INSTRUCTIONS FOR THE TASK:
Within the entries below, please return exactly the lines from the one with "Eugenio Segura renuncia" through the one with "Cao Thủ Bóng Rổ: Chapter 73", leaving out any pictures.

DATA:
○ ○ ○ ○

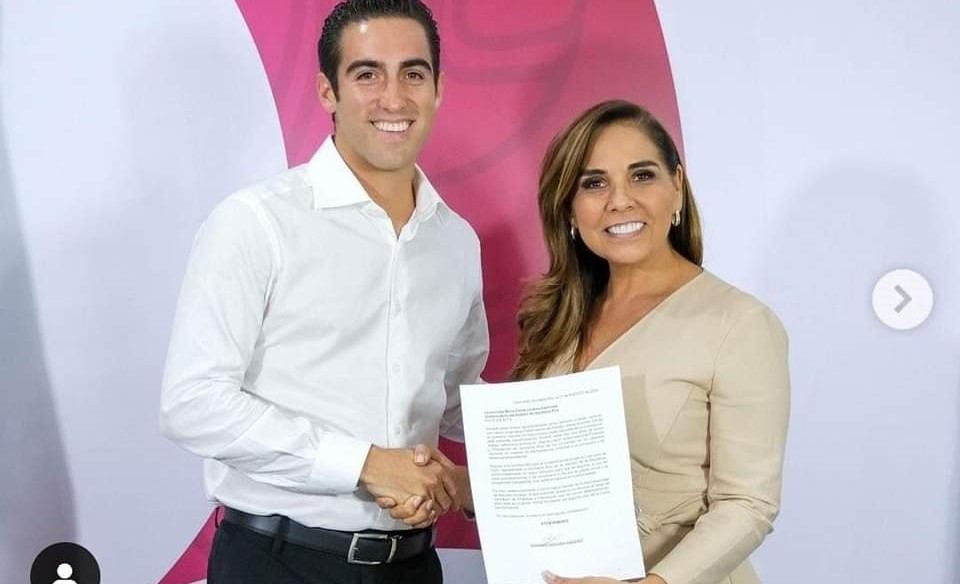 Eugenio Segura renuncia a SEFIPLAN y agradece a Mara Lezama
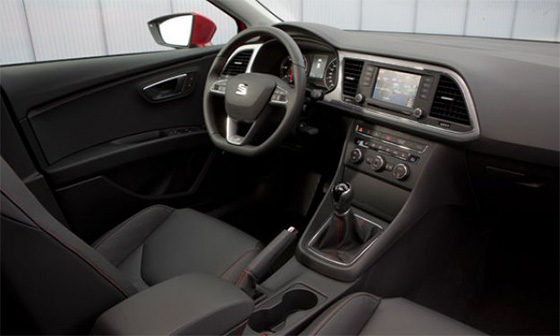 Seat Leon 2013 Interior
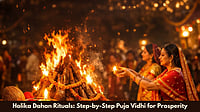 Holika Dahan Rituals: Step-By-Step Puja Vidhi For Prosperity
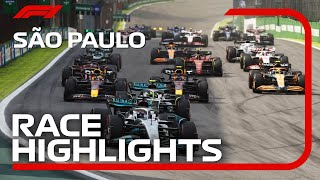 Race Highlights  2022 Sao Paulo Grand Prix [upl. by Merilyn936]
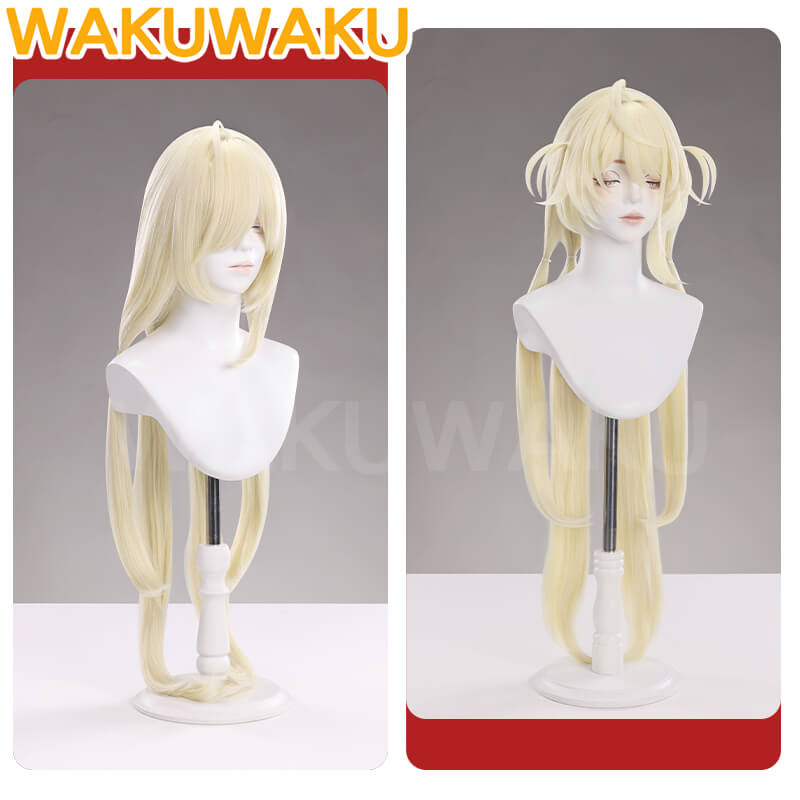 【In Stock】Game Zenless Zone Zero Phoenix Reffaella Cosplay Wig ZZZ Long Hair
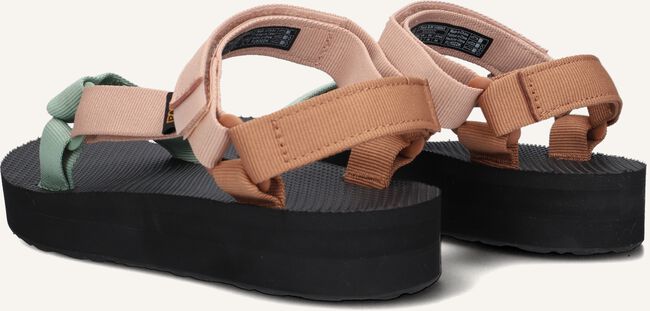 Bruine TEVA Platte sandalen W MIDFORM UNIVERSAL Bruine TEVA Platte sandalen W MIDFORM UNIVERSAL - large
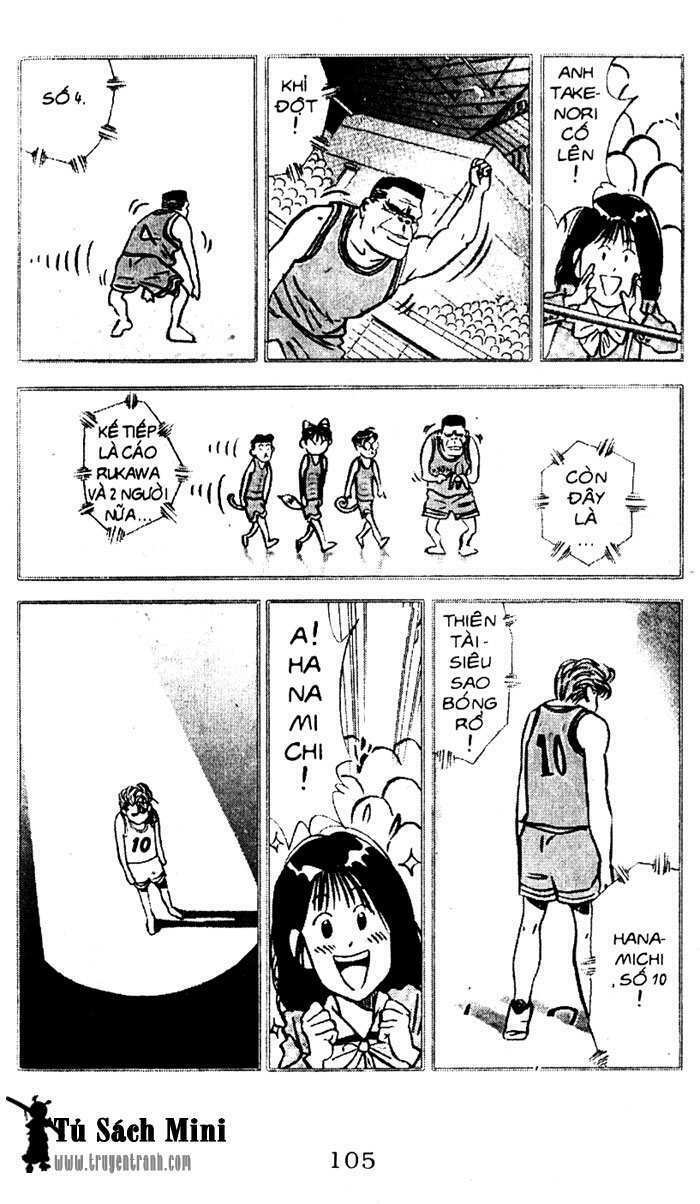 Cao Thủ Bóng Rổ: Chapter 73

○ ○ ○ ○

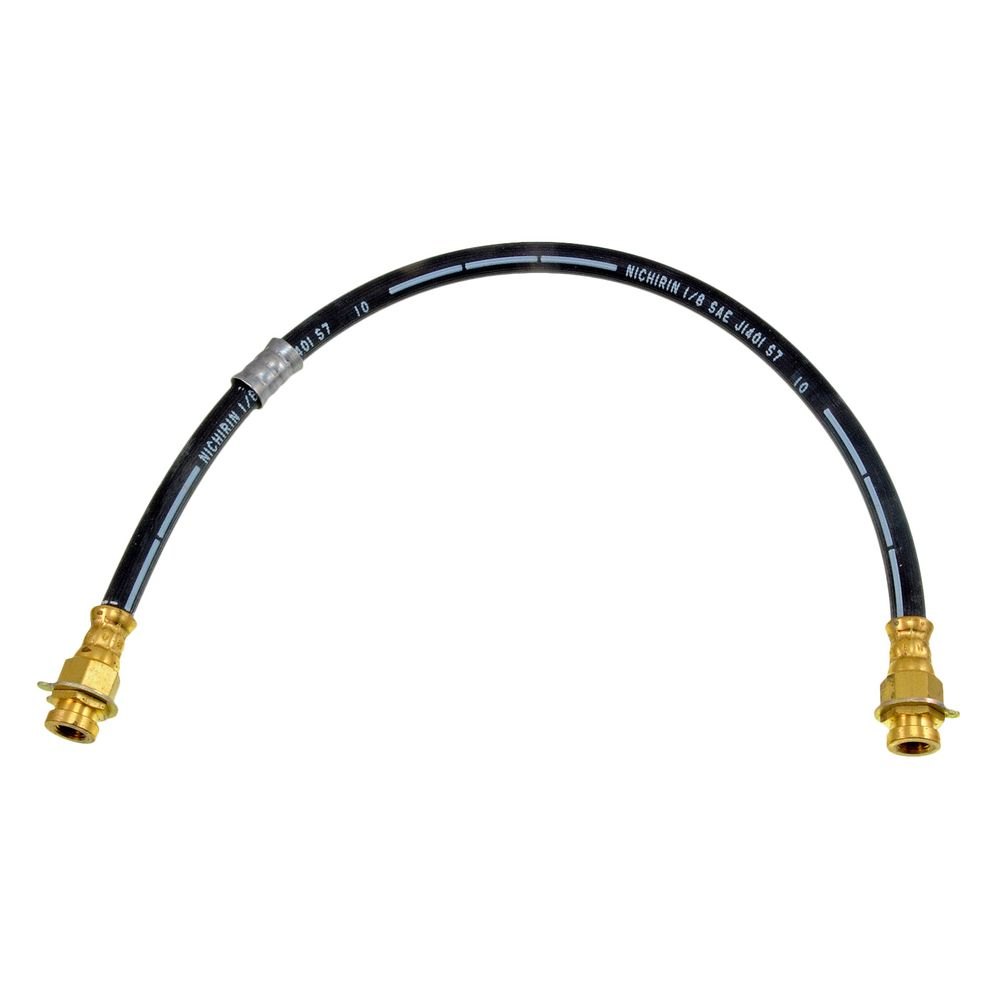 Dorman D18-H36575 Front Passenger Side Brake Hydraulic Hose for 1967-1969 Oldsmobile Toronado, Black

○ ○ ○ ○

ANSWER TO THE PROBLEM:
 Eugenio Segura renuncia a SEFIPLAN y agradece a Mara Lezama
 Seat Leon 2013 Interior
 Holika Dahan Rituals: Step-By-Step Puja Vidhi For Prosperity
 Race Highlights  2022 Sao Paulo Grand Prix [upl. by Merilyn936]
 【In Stock】Game Zenless Zone Zero Phoenix Reffaella Cosplay Wig ZZZ Long Hair
 Bruine TEVA Platte sandalen W MIDFORM UNIVERSAL Bruine TEVA Platte sandalen W MIDFORM UNIVERSAL - large
 Cao Thủ Bóng Rổ: Chapter 73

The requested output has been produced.